Hi Diane – sure, you could make this in a 9X9 but I would cut the baking time by 5-7 minutes (definitely check and add more if needed) because you don’t want to lose that pudding layer. The entire cake, pudding and all, will be a bit thinner but that shouldn’t matter if it’s baked just right.
I loved this! However, some of my non dark chocolate loving family members did not. Do you think I could sub milk chocolate chips for semi sweet next time I make this? Thanks so much!
Olivia – sure, you could try it (in the meantime, I’ll cry buckets of tears over those who can’t stomach dark chocolate…)

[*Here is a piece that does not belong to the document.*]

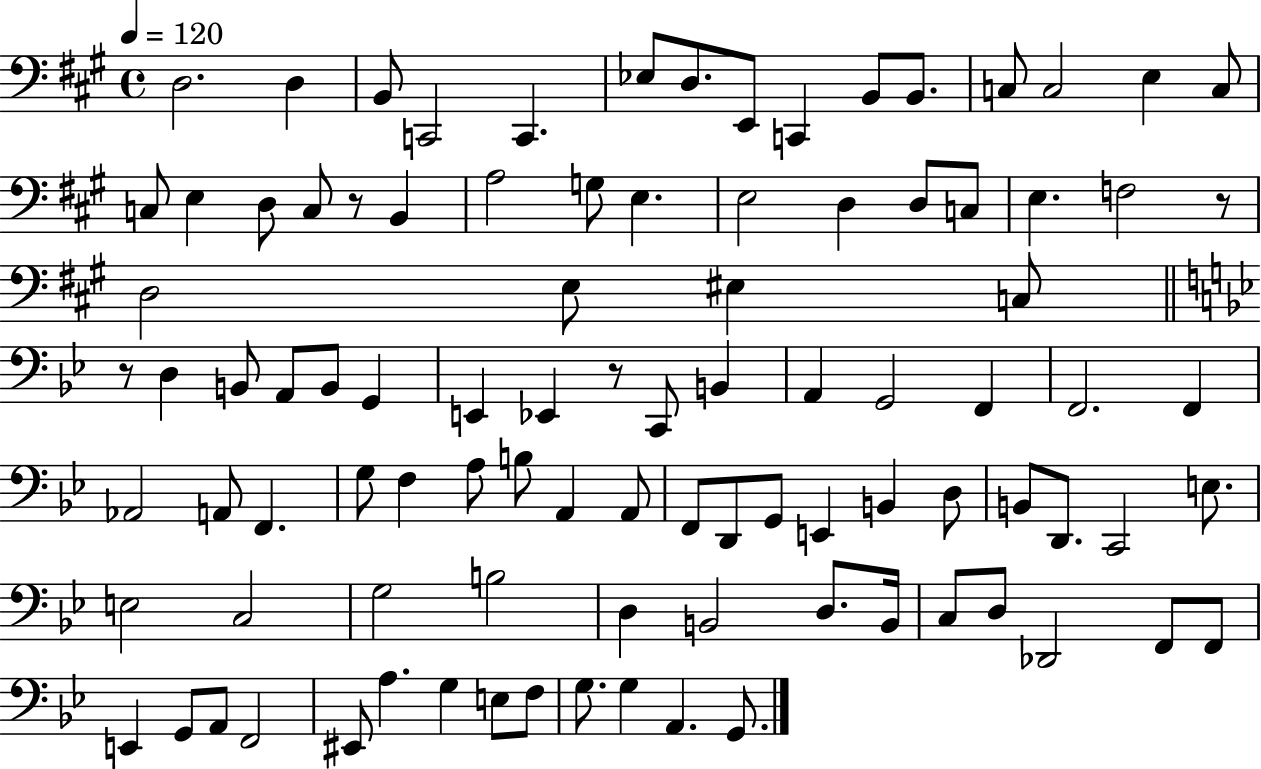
D3/h. D3/q B2/e C2/h C2/q. Eb3/e D3/e. E2/e C2/q B2/e B2/e. C3/e C3/h E3/q C3/e C3/e E3/q D3/e C3/e R/e B2/q A3/h G3/e E3/q. E3/h D3/q D3/e C3/e E3/q. F3/h R/e D3/h E3/e EIS3/q C3/e R/e D3/q B2/e A2/e B2/e G2/q E2/q Eb2/q R/e C2/e B2/q A2/q G2/h F2/q F2/h. F2/q Ab2/h A2/e F2/q. G3/e F3/q A3/e B3/e A2/q A2/e F2/e D2/e G2/e E2/q B2/q D3/e B2/e D2/e. C2/h E3/e. E3/h C3/h G3/h B3/h D3/q B2/h D3/e. B2/s C3/e D3/e Db2/h F2/e F2/e E2/q G2/e A2/e F2/h EIS2/e A3/q. G3/q E3/e F3/e G3/e. G3/q A2/q. G2/e.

Haha you crack me up! Thank you so much for your glorious recipes and fast replies
I grew up having this cake for dessert on special occasions at my grandmother’s house. She called this “Nanny’s fudge surprise cake”. I thought we were the only ones who had ever been blessed with this recipe! Now I need to go make it for for my family tonight. Thanks for the memories!